Furthermore, the Vikings also notched a victory against the Carolina Panthers in Week 3, although that game was played in the Metrodome.
Gruden said he was well aware of the Vikings' success against the NFC South thus far, including that lone road win the division has surrendered.
"Minnesota beat New Orleans on the road," Gruden said. "Minnesota has done well against the South. They had a very good win against Carolina and a very good win against the Saints. We've got to try to stop that trend."
In trying to thwart the Vikings' plans for NFC South domination, the Bucs will counter with 65,000 raucous pewter-and-red faithful at their backs and a sparkling 4-0 home record.
"We've got an edge," Gruden said of playing in Raymond James Stadium. "We will have an edge. We've won four in a row at home this year. That doesn't guarantee anything, but so far so good."
Three of the six NFL teams that are still undefeated at home through 10 weeks are in the NFC South. Of those six, the Titans, Giants and Panthers are in the lead with five home wins. If the Bucs can get to that total with a win over Minnesota on Sunday, it would mark a first-time accomplishment for the franchise. In its 33-season history, Tampa Bay has never made it to 5-0 at home.
Clark Gets Another Shot
Brian Clark was on the Buccaneers' active roster when the bye week began and he'll be on it when the team plays its next game on Sunday, but he also spent a week back on the practice squad in between.
Fortunately, it was during a week that the Bucs didn't practice.
Clark is back in action when it counts, and there's a decent chance he'll be among the team's 45 active players on game day against Minnesota, just as he was for the Bucs' previous three outings.
"He's a versatile guy who can play all three positions and he plays on special teams," said Gruden. "No matter what anybody tells me, that third, fourth, fifth receiver, that third, fourth, fifth back has to play on special teams, and that goes for the backup linebackers also."
Clark, who spent the first six weeks of the season on the practice squad, was sent back to that crew early in the bye week to make room for re-signed safety Donte Nicholson. However, wide receiver Maurice Stovall landed on injured reserve at the beginning of this week due to his hamstring ailment and the Bucs quickly called Clark back into service.

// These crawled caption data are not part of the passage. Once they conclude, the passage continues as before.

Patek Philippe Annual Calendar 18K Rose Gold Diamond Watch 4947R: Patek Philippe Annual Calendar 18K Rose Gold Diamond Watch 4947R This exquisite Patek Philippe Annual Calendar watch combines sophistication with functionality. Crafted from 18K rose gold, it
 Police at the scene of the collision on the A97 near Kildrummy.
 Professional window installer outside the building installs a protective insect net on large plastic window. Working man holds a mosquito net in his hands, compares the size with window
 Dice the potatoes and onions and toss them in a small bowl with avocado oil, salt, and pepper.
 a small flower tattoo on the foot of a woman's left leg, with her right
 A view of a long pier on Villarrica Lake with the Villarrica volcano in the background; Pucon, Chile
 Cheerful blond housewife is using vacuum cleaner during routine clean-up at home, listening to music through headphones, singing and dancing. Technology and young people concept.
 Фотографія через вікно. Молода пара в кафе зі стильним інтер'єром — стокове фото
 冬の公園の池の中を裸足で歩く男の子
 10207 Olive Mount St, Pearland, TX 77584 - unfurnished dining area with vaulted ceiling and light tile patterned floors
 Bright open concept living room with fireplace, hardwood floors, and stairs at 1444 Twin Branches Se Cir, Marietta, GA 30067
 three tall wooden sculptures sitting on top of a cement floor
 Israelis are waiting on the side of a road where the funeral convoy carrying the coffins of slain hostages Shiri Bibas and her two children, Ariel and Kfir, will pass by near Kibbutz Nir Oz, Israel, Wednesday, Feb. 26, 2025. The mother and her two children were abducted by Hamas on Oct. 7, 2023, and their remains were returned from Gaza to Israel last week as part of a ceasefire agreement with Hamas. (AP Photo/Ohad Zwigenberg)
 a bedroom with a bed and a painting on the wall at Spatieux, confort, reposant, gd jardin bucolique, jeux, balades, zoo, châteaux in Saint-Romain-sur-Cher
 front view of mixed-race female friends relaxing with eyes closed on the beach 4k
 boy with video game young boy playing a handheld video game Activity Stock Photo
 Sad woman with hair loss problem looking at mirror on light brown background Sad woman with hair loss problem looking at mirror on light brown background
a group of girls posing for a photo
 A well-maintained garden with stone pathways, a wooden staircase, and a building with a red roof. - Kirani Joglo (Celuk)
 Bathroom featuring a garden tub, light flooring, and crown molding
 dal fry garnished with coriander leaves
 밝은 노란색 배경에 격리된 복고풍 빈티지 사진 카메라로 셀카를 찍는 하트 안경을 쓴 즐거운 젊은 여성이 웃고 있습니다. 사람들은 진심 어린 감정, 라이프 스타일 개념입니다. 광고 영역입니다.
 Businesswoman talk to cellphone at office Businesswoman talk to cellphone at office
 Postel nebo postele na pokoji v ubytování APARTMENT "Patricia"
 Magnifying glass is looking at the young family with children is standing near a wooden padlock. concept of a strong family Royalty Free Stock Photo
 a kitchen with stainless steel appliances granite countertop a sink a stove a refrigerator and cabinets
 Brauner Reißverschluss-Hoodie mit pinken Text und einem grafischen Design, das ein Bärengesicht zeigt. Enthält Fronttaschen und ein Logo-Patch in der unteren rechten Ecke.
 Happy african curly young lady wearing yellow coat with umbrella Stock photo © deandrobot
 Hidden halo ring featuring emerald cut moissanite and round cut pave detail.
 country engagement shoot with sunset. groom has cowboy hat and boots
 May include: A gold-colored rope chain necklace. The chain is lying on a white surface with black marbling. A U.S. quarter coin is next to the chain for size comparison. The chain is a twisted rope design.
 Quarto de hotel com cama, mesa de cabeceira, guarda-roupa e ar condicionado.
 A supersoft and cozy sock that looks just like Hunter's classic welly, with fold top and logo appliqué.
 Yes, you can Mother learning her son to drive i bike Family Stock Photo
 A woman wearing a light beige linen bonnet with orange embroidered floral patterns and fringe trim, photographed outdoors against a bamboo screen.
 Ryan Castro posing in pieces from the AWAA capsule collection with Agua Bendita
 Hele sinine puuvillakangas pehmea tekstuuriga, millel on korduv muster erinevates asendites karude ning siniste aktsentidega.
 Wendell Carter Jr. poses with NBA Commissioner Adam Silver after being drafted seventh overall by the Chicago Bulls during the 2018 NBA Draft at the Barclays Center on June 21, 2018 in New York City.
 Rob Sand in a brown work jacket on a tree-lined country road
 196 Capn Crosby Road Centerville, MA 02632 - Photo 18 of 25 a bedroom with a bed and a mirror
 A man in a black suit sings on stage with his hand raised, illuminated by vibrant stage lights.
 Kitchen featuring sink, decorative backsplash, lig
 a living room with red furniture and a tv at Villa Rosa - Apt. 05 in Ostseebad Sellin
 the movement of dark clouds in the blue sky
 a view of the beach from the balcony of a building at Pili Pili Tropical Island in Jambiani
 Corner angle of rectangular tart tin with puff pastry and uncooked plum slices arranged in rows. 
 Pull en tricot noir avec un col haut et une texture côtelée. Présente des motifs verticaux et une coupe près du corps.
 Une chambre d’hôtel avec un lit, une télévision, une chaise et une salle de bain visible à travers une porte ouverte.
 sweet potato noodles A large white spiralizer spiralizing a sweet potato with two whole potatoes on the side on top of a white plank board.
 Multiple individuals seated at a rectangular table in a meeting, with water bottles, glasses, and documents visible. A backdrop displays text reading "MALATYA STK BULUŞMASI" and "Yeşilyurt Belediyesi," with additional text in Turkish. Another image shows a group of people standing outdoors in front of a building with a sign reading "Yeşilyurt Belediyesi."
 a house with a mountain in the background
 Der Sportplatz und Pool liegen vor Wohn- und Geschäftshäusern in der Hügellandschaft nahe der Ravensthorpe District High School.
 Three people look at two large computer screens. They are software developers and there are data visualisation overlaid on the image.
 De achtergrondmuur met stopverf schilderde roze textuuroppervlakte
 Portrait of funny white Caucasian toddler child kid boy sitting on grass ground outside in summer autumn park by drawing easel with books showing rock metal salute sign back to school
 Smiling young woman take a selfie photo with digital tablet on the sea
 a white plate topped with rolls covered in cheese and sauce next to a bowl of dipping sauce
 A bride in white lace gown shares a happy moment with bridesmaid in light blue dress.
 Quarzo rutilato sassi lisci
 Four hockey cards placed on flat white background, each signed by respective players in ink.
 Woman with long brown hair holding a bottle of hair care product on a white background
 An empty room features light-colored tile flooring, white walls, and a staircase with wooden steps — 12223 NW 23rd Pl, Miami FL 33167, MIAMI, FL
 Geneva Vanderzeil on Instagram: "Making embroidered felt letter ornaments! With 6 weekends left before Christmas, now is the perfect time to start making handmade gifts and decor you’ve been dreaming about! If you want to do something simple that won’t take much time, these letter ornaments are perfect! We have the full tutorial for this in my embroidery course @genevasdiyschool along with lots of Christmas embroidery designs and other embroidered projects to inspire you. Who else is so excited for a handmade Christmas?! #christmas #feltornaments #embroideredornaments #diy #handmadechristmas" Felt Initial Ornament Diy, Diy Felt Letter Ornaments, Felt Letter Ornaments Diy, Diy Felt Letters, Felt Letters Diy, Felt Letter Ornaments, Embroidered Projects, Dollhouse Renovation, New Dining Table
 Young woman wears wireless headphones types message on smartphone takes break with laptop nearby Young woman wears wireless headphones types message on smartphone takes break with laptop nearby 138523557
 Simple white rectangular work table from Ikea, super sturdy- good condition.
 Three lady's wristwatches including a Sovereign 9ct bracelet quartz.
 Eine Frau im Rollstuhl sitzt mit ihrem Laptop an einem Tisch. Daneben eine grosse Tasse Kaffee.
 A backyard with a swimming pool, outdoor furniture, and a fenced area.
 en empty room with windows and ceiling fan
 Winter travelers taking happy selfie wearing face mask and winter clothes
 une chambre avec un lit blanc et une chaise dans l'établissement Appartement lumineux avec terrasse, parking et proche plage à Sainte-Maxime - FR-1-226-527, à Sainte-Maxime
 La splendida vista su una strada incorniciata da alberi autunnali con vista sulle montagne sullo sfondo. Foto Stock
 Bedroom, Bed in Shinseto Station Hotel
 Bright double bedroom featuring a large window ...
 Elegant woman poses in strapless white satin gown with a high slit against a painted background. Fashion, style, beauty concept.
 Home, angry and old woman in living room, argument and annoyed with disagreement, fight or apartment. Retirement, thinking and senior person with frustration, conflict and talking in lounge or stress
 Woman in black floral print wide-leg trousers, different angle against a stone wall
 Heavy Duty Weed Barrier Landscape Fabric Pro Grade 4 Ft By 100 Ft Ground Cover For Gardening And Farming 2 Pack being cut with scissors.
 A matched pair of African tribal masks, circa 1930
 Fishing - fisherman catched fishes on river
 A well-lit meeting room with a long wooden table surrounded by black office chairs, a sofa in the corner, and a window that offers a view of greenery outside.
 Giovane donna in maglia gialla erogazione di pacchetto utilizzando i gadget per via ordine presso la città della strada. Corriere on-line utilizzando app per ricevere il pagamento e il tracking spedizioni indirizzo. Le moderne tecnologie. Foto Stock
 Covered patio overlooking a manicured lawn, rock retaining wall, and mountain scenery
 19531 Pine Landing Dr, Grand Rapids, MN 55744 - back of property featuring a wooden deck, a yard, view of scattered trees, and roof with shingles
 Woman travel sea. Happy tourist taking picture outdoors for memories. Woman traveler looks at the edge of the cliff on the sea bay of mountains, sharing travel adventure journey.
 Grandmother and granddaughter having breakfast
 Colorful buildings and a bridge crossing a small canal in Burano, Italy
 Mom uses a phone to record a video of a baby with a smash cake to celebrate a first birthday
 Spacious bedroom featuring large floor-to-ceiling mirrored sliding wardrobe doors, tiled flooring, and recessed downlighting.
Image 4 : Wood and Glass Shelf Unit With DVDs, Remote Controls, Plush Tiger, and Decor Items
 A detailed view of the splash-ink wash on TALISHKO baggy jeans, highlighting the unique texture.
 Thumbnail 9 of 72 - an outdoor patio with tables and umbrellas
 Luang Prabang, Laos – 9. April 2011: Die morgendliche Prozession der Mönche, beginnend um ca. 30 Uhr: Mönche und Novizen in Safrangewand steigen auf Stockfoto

In the previous three games, Clark contributed one catch for 12 yards, one kickoff return for 22 yards and two tackles on special teams. The Bucs are comfortable with the second-year receiver in all of those roles because they witnessed his versatility in scouting him with the Denver Broncos in 2006 and 2007, his first two years in the league. In 10 games with the Broncos during that time, Clark caught four passes for 23 yards, averaged 22.4 yards on 26 kickoff returns and added a pair of special teams tackles.
When Denver let Clark go in the middle of the '07 season, the Bucs scooped up the Tampa native for their practice squad and then later signed him to the active roster in time for the season finale and their one postseason contest. In his first game as a Buccaneer, Clark made three tackles on special teams.
Stovall's injury is a disappointment for the team, of course, but the presence of Clark makes it easier to swallow.
"If we've accomplished anything here, we've been fair to every player that we've had," said Gruden. "We've pretty much coached every guy on the roster with the intent that they're going to make it and eventually become a starter. Earnest Graham, Donald Penn…you go back to Shelton Quarles and Ryan Nece…a lot of guys have come in and played. [Clark] is another guy that's been scratching the surface for a little over a year with us, and he's earned the right."